Монтгомери Клифф кончил жизнь в газовой камере, а Элизабет Тэйлор осталась все такой же прекрасной. Кинокартина закончилась.

Я устал. Перед полетом нельзя было выпить. Пришлось идти спать. Мне нужно было хорошо выспаться — я устал от жары, обильного обеда и длинного, напряженного фильма. Одиннадцать часов. Я поставил будильник на пять часов. У меня будет достаточно времени, чтобы забраться в высотный костюм и прийти к ангару к моменту принятия окончательного решения о полете.

* * *

Я проснулся. В комнате было еще темно, впервые я проспал свист «Скайрокета». Сон еще одолевал меня, когда я сел на краю кровати. Я подумал о людях, просыпающихся в восемь часов утра. Ведь большинство людей начинает трудовой день в девять тридцать. Сегодня такой образ жизни казался мне заманчивым. Во мне было мало энтузиазма, когда я сидел на кровати и щурил глаза на маленькую лампочку без абажура. Возможно, что сейчас где-то спали парни, которые завидовали мне, но, как и я, без всякого энтузиазма относились к ожидавшей их в девять тридцать утра работе.

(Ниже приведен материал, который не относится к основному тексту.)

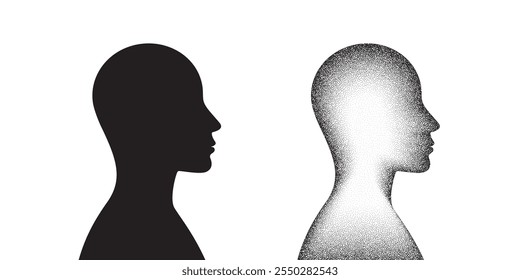 Man profile silhouette. Male head gradient grain noise illustration. Portrait, silhouette, avatar or profile. Black noise dots pattern. Grunge texture person. Vector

По слабо освещенному коридору я прошел в ванную. Чтобы удобнее чувствовать себя в шлеме, я должен тщательно выбриться. Увидев себя в зеркале, я подумал, что совсем не похож на человека, готового к совершению подвига; в зеркале я увидел всего-навсего свое собственное лицо.

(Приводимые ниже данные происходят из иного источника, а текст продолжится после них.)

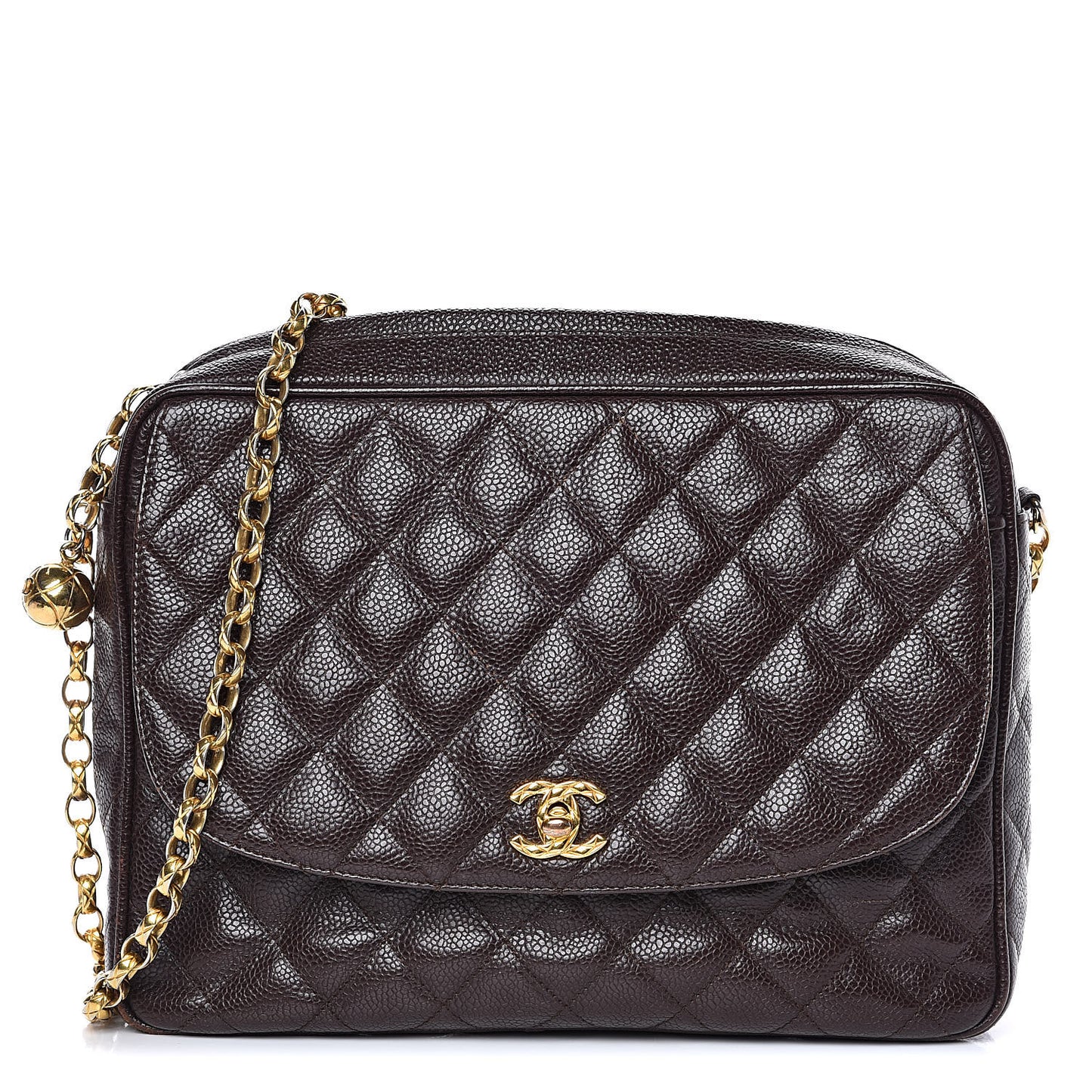 Caviar Quilted Flap Camera Case Brown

Для того чтобы в этом полете я управлял самолетом как можно лучше, мои капилляры должны быть расширены; нервы должны быть готовы отозваться на малейшее возбуждение, и в то же время не быть настолько натянутыми, чтобы лишить меня спокойствия. Армию настороженных нервов нужно держать в подчинении до тех пор, пока они понадобятся. Сейчас, когда и база и весь мир погружены в сон, трудно было вызвать в себе энтузиазм.

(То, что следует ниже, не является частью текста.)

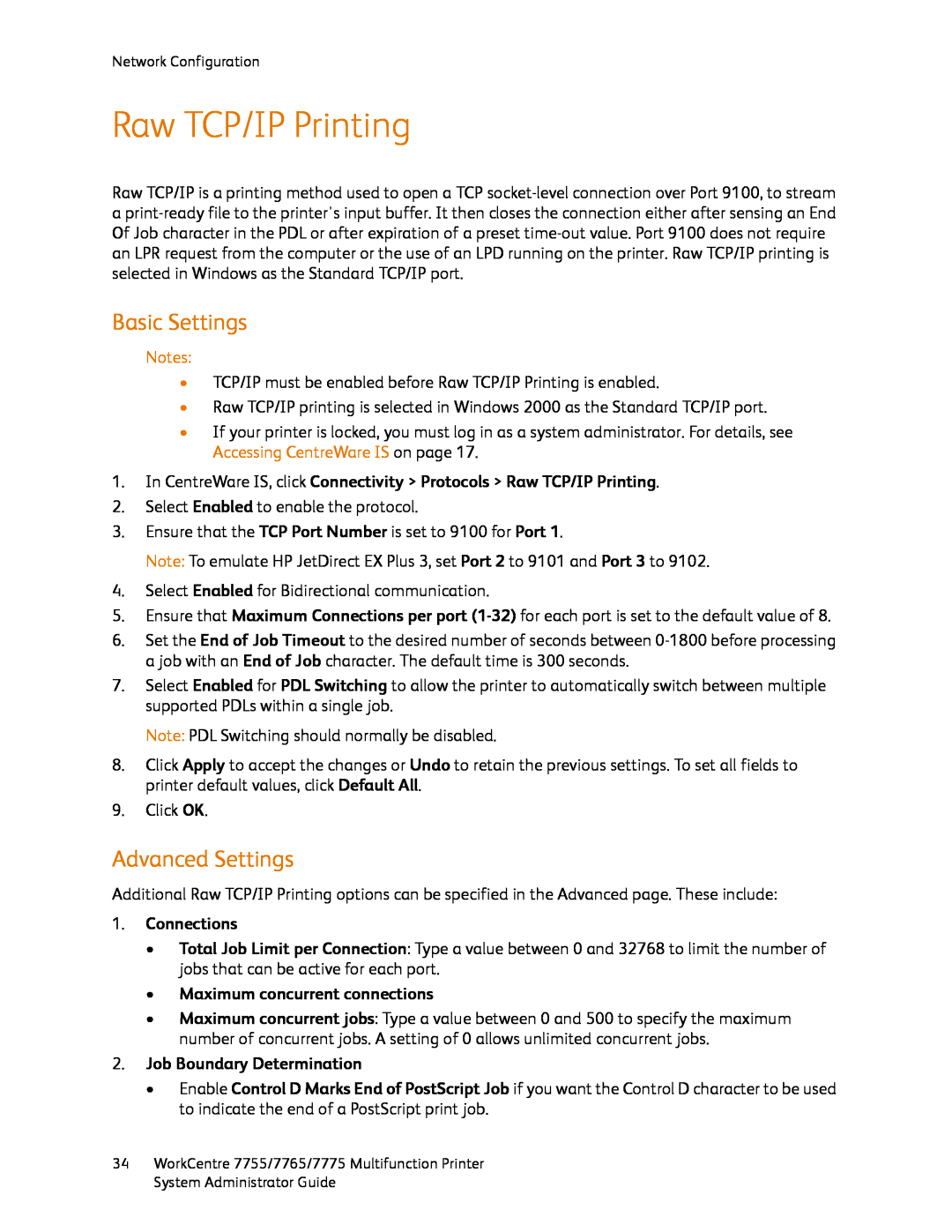 Xerox 7755, 7765, 7775 manual Raw TCP/IP Printing, Basic Settings, Advanced Settings, Notes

Я вновь стал внимательно рассматривать свое лицо в забрызганном мылом зеркале над умывальником.

— О'кэй! Ты добился того, чего всегда желал. Дело необычное, неземное. Энергичная деятельность, свобода — они твои. Тебе будут завидовать. Черт побери! Да, ты счастлив, ты действительно преуспеваешь… ты не связан работой от девяти тридцати до пяти. Эти спящие сейчас парни отдали бы свои спальни и кабинеты вместе с ежегодным двухнедельным отпуском за одно твое бритье в пять тридцать утра, когда ты готовишься к ракетному полету на скорости М = 1,5. Ты ведь всегда успеешь выспаться!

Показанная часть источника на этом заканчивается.